Mindful Monday 9.28
Yes, I am well aware that it is Tuesday 9-28, not Monday any longer. My Mom Swiss cheese brain is pretty bad sometimes, but not THAT bad! I missed yesterday, due to extenuating circumstances, but thought it was pretty important to explain and pass on how a few mindful moments really changed my attitude about it.
My son has been attending a one day a week homeschool enrichment program. Needless to say, it hasn’t been an easy transition for him. The first week, he was in tears and hugging my legs every time I tried to leave. Unfortunately I had my daughter with me and two dogs at home who hadn’t eaten breakfast or peed yet that morning. By lunchtime, I had to just leave and take him with me.
Last week, I went with him, with the full intention of staying the whole day; my daughter stayed home with Daddy. Unfortunately I didn’t pack any food for me so I was exhausted and cranky toward the end. Yesterday, I went with the hopes of him getting to the point in which he didn’t need me there and letting me go run some errands that I was feeling great anxiety about getting done.
When am I going to ever learn that it is fine for me to have expectations, as long as I keep the knowledge close at hand that at any moment, there is a good chance my expectations will need to be let go of?
I experienced a constant ebb and flow of emotions yesterday. First frustration. Then sheer sadness for him, I know all too well how he feels and what his fears might keep him from doing in life. Then frustration again. Then anger. Then confusion as to how to help him. Of course, helplessness wrapped herself around me like a fog as well.
Finally, after I came to terms with the fact that I wasn’t going anywhere evidently and somehow I had to come up with a way to let go of the myriad of things on my to-do list for the moment.
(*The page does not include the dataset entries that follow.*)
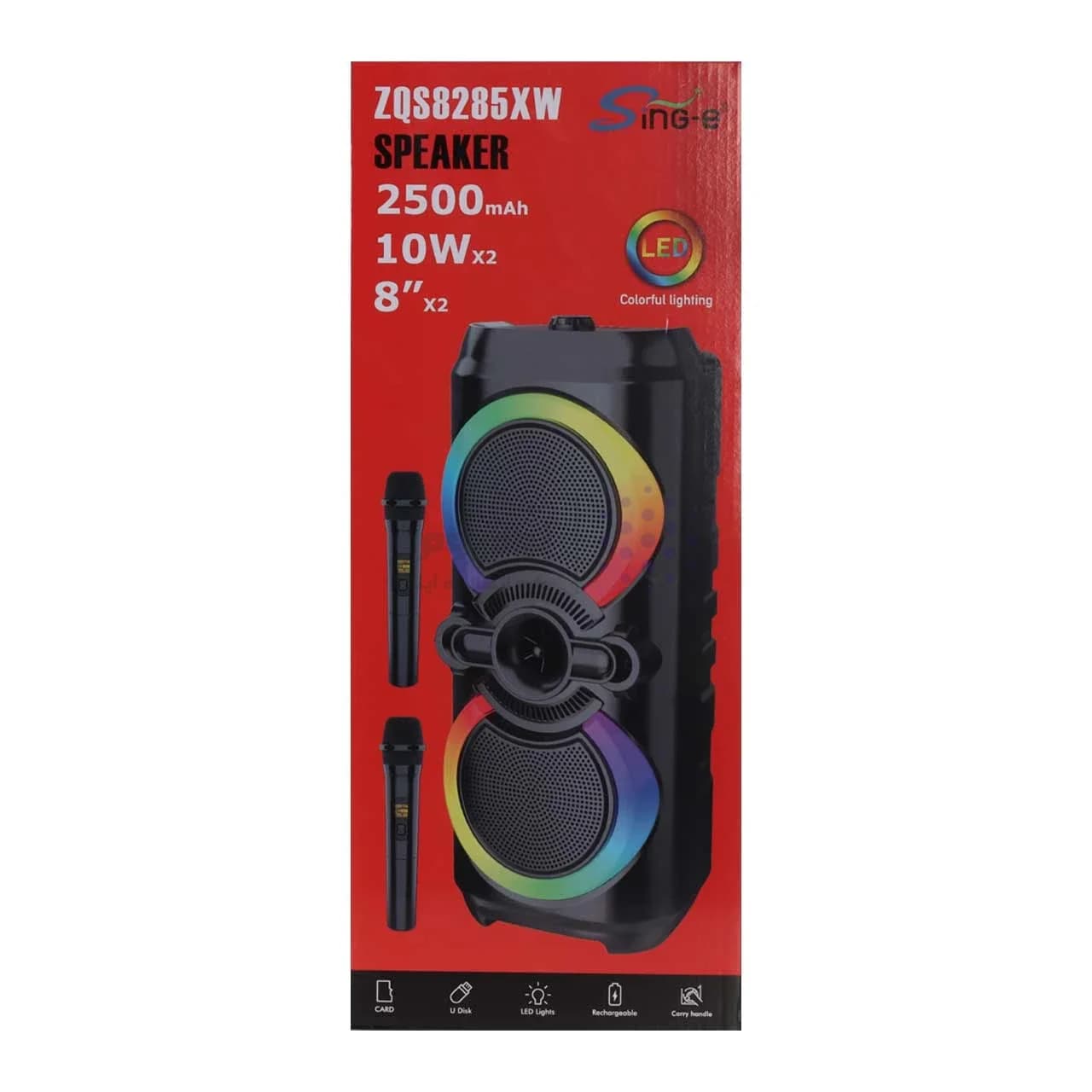 اسپیکر 20W بی سیم Sing-e مدل ZQS8285XW – مشکی — تصویر ۶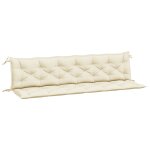 Vidaxl coussins de banc de jardin lot de 2 blanc crme tissu oxford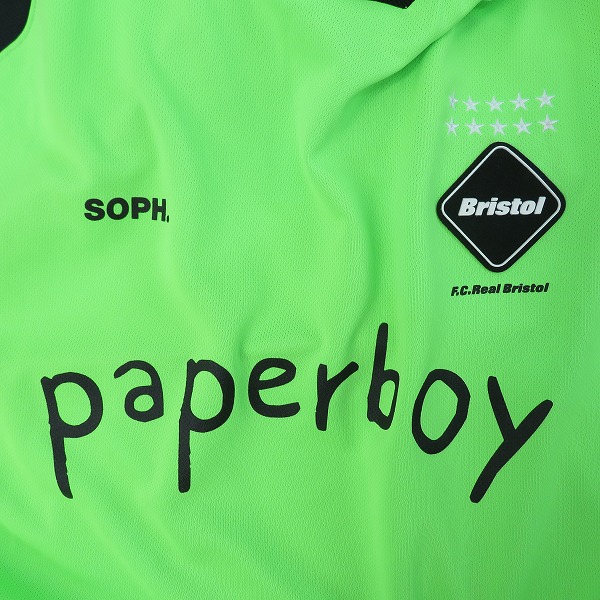 実際に弊社で買取させて頂いた【未使用】F.C.Real Bristol×paperboy/エフシーレアルブリストル×ペーパーボーイ ゲーム シャツ FCRB-240148/Lの画像 4枚目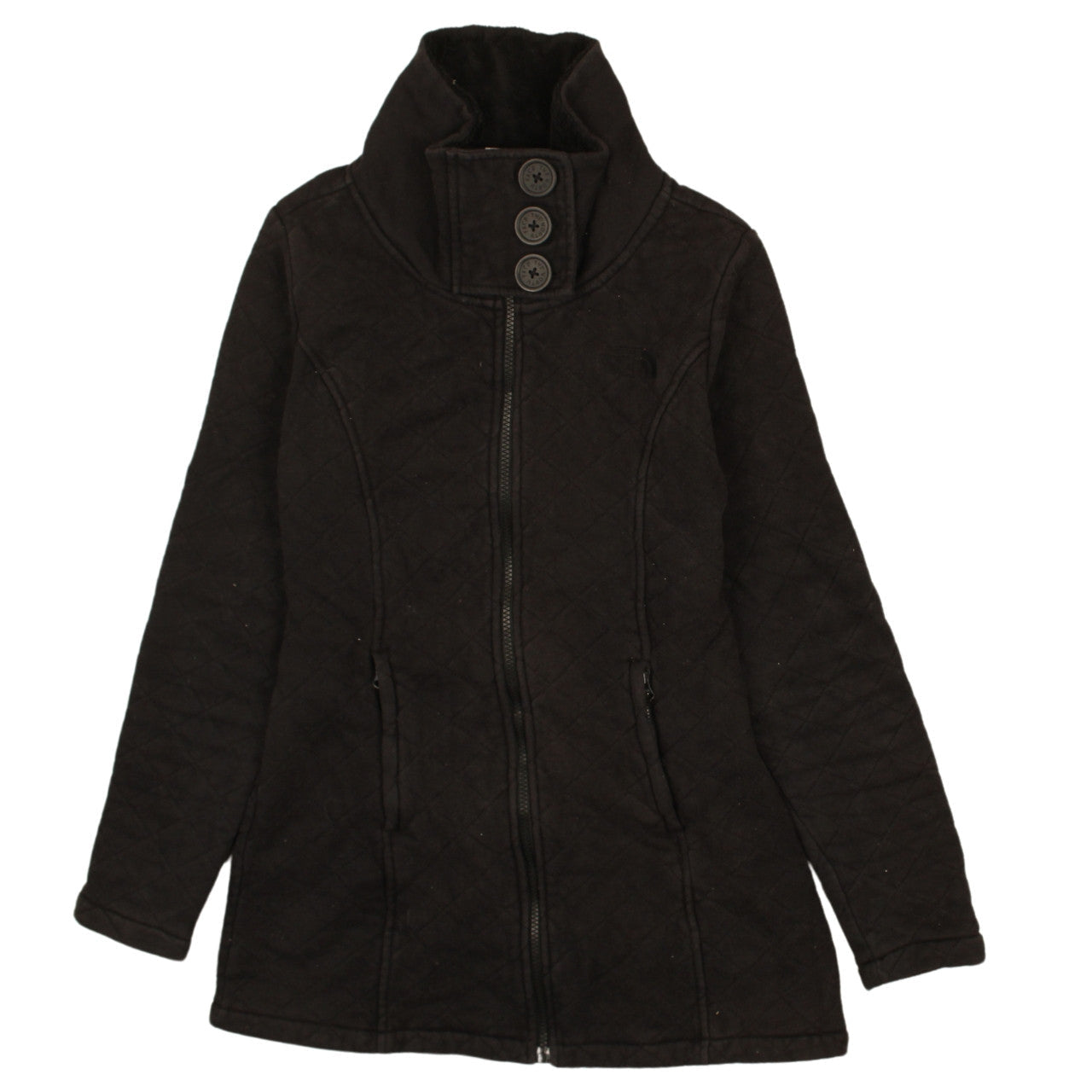 The North Face Womens Black Quilted Mid-Length Active Jacket M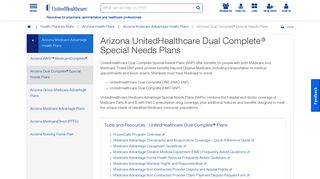 Arizona Dual Complete® Special Needs Plans | UHCprovider.com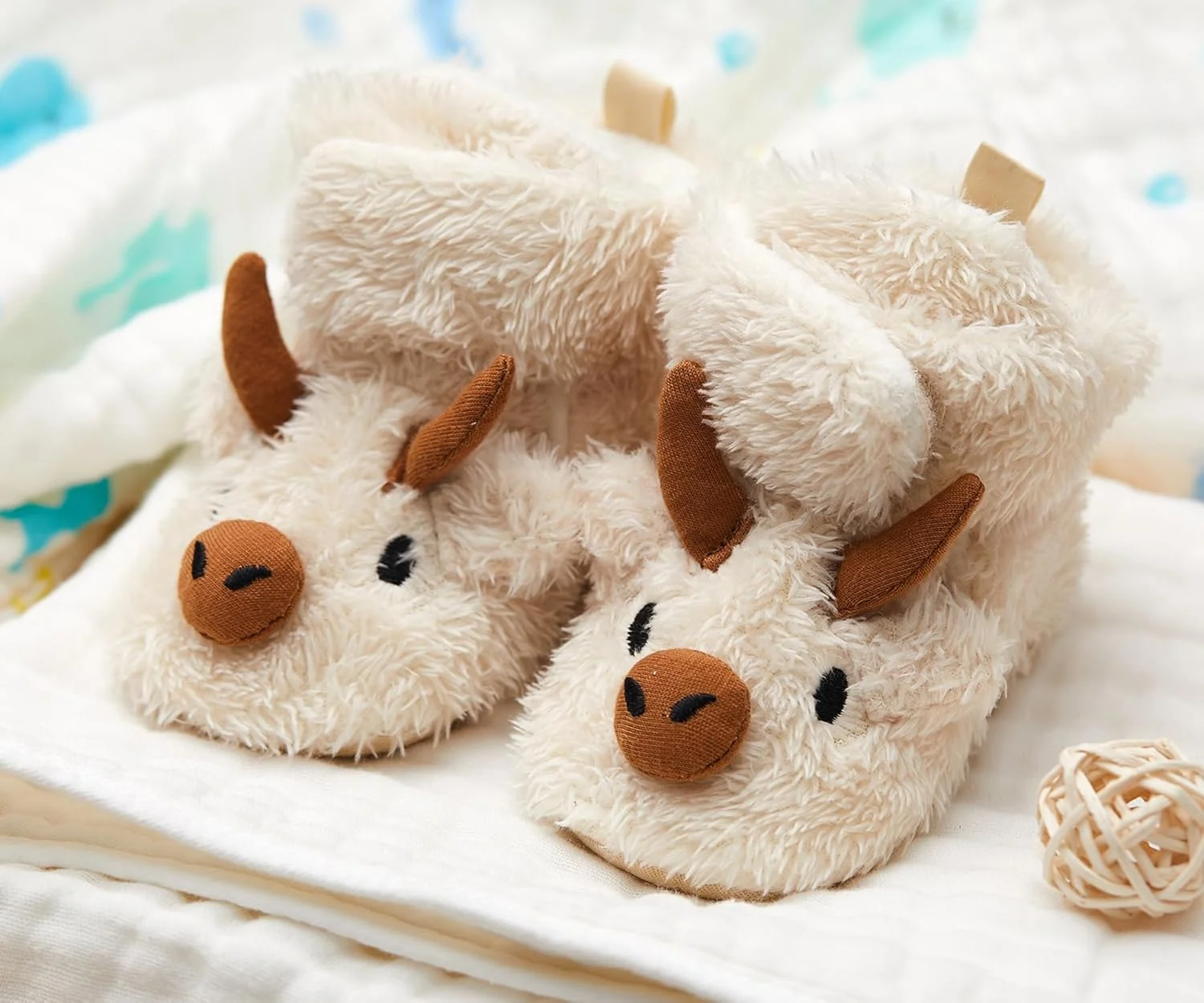 پاپوش نوزادی ShinyMatch، کفش نوزاد طرح حیوانات، پاپوش унисекс نوزادی برای دختر و پسر نوپا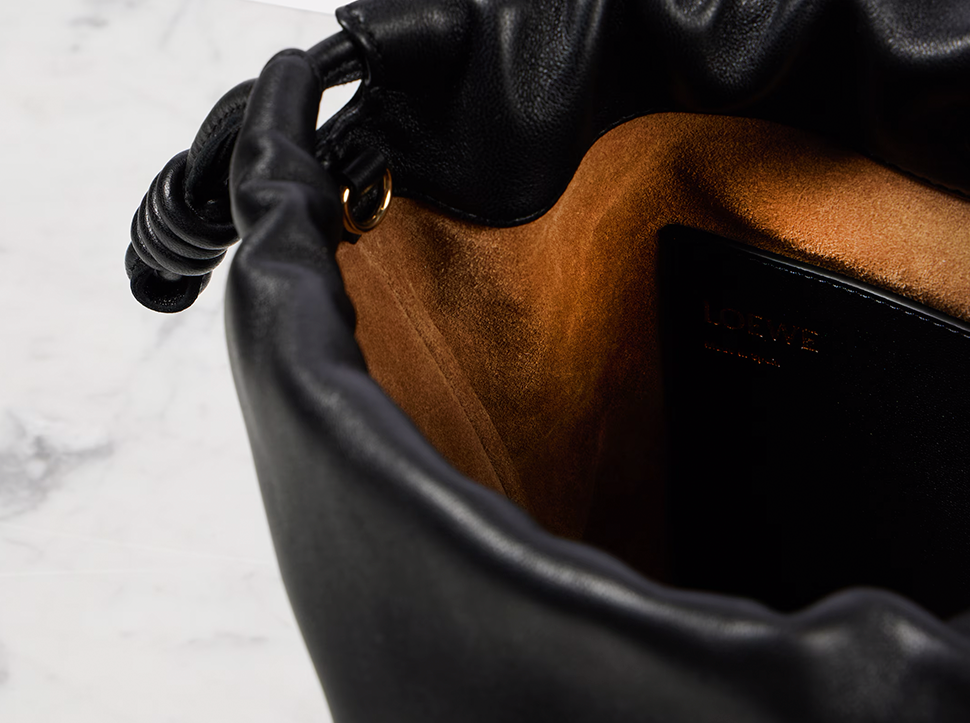 Buy original Loewe Flamenco Small leather bucket bag with Bitcoins!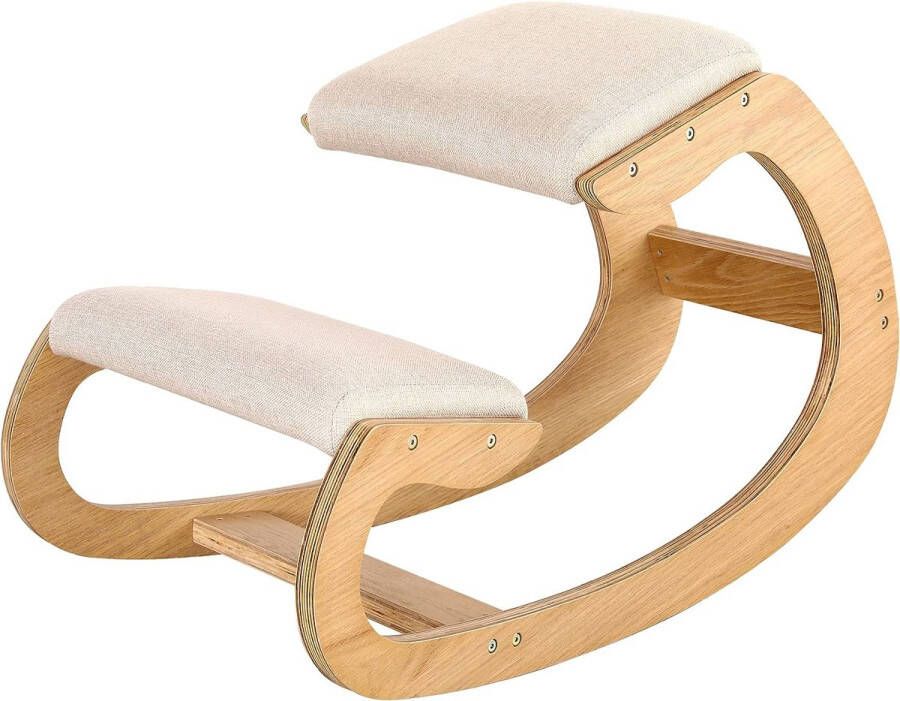 Ayangoods Ergonomische Kniestoel voor Gezonde Zithouding en Meditatie Verstelbare Stoel met Orthopedisch Design Comfortabele Rugleuning en Duurzame Constructie In Hoogte Verstelbaar Geschikt voor Dagelijks Gebruik en Yoga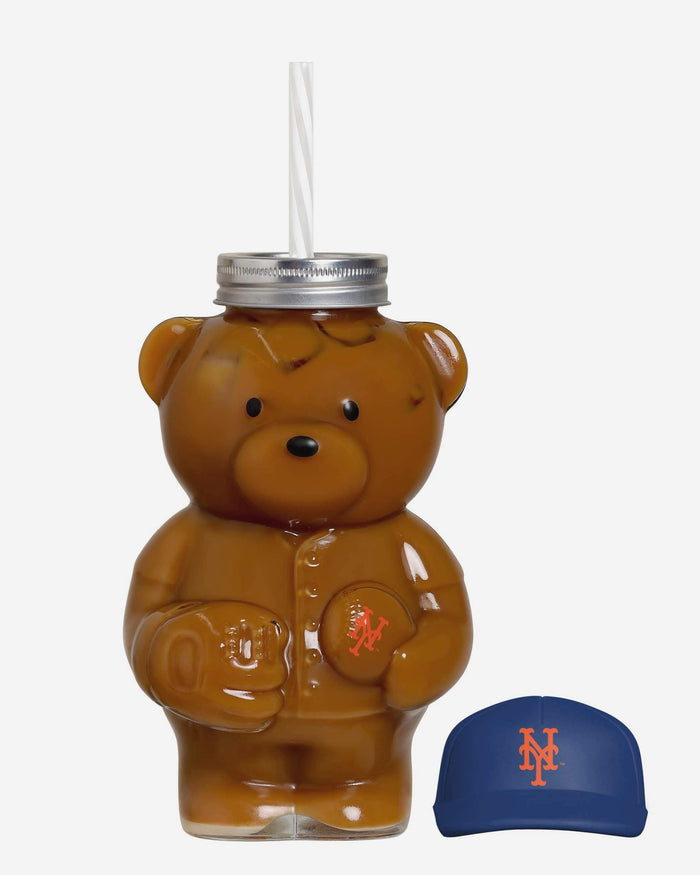 New York Mets Glass Bear Tumbler FOCO - FOCO.com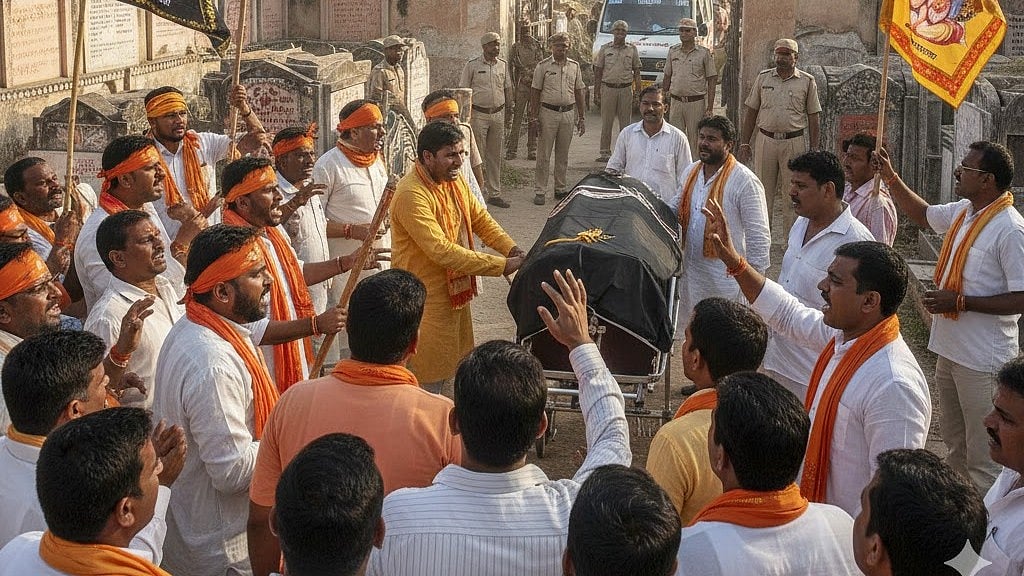 MP News: Hindu Activists Protest To Oppose Woman’s Burial At Graveyard In Jabalpur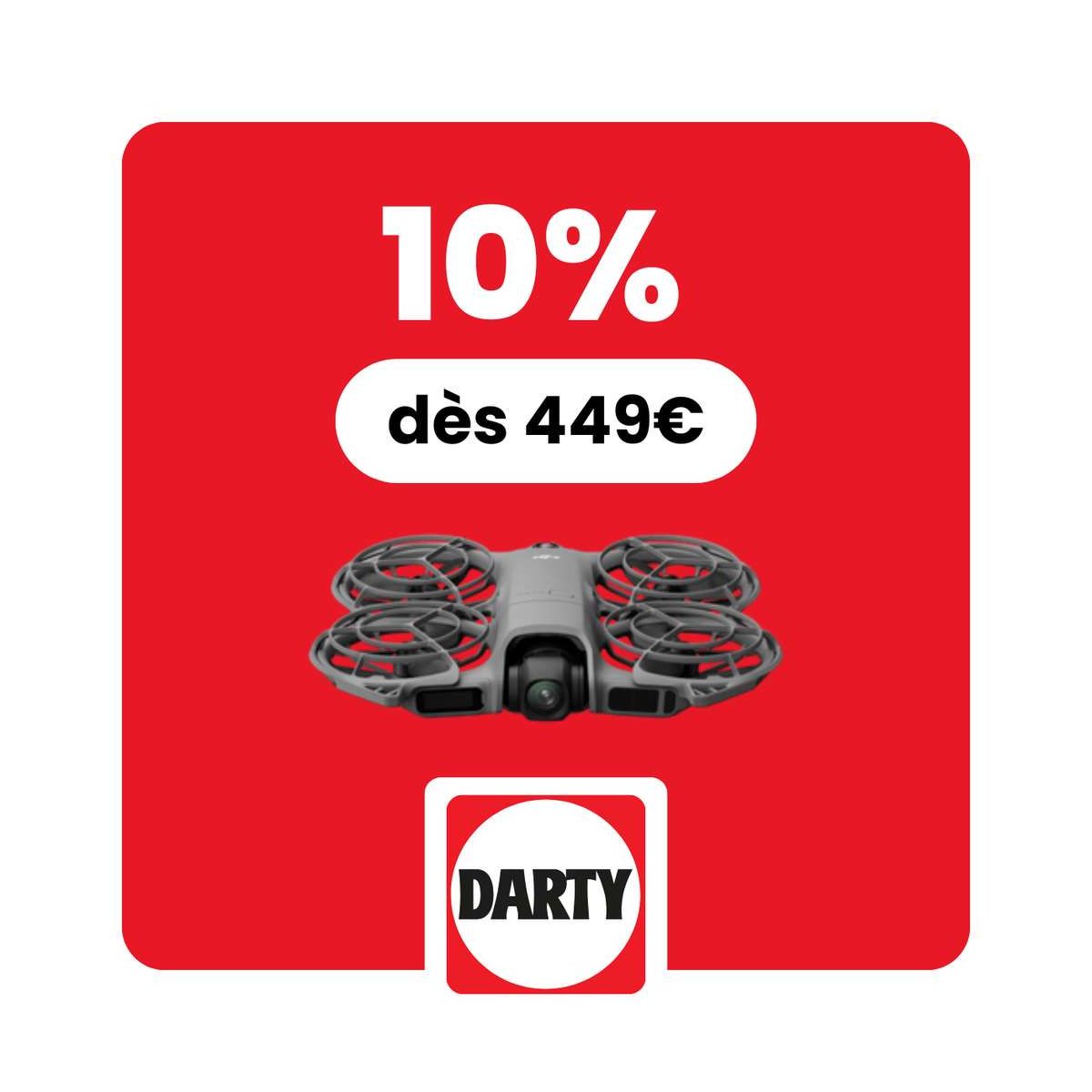 Darty offre 10 % de réduction sur une sélection de drones et accessoires dès 449 €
As a last ditch effort, I grabbed a book at the bottom of my bag I had thrown in at the last minute by Louise Hay called You Can Heal Your Life.
From the book, “What is important in this moment is what you are choosing to think and believe and say right now.” Later, “We often add to that, “And I don’t do enough,” or “I don’t deserve.” Does this sound like you? Often saying or implying or feeling that you “are not good enough?” But for whom? And according to whose standards?”
I began to find my breath again.
What did I believe and think right in that moment of anxiety and frustration with my son who needed me?
“I need to get things done. A dress for the upcoming wedding…to clean our house cause it is annoyingly messy and has been the last couple weeks…to plant the raspberry bushes that are dying on my porch…to get and be with my daughter who was having to entertain herself at home while Daddy was working…to store or plan usage for the food that is coming out of our garden…to exercise…”
And for who?
Who’s expectations am I filling with all of those to-do’s that must all get done RIGHT NOW?
My husbands?
Mine?
Anyone who might actually find out that I am not perfect and can’t keep up with it all, all the time?
The bride and groom who might think I didn’t dress the way they wanted for their wedding?
My daughter who would most certainly be holding a grudge against me when I didn’t come home until 3:30?
In those few moments between reading those pages and trying not to fall asleep in the hallway, I changed my thoughts. I let go of that to-do list. I really wondered whose expectations I was trying to live up to. I began to relax and actually entered into deep conversation with another Mom who is also in the same boat. Then we were joined by two more Mom’s and we conversed about homeschooling, ideas, cool discoveries we were making, how to help each individual child, how each child produced their own unique hurdles.
I was there for my son when he needed me.
Not perfectly, on the way home I was upset and wondering whether my husband was going to be mad and how I could hurry up this adjustment process per what I assumed where going to be HIS expectations.
Except, when I got home, he wasn’t mad that I was gone all day again. He was fine with it. I had made up expectations I thought would be his. Actually, after we chatted for a few moments, he said, “You have to read Janine’s email, it might help you.”
She quoted Viktor Frankl, a Nazi camp survivor, “Everything can be taken from a man but one thing: the last of the human freedoms- to choose one’s attitude in any given set of circumstances, to choose one’s own way”.
She thought maybe I needed to hear that…
I’ll say.
Spill it: How do you keep your patience with your kids when they are going through a difficult adjustment you think should be easier for them? Hmmm….or how do you keep your expectations in check so as to remain flexible in the moments of motherhood that test those expectations?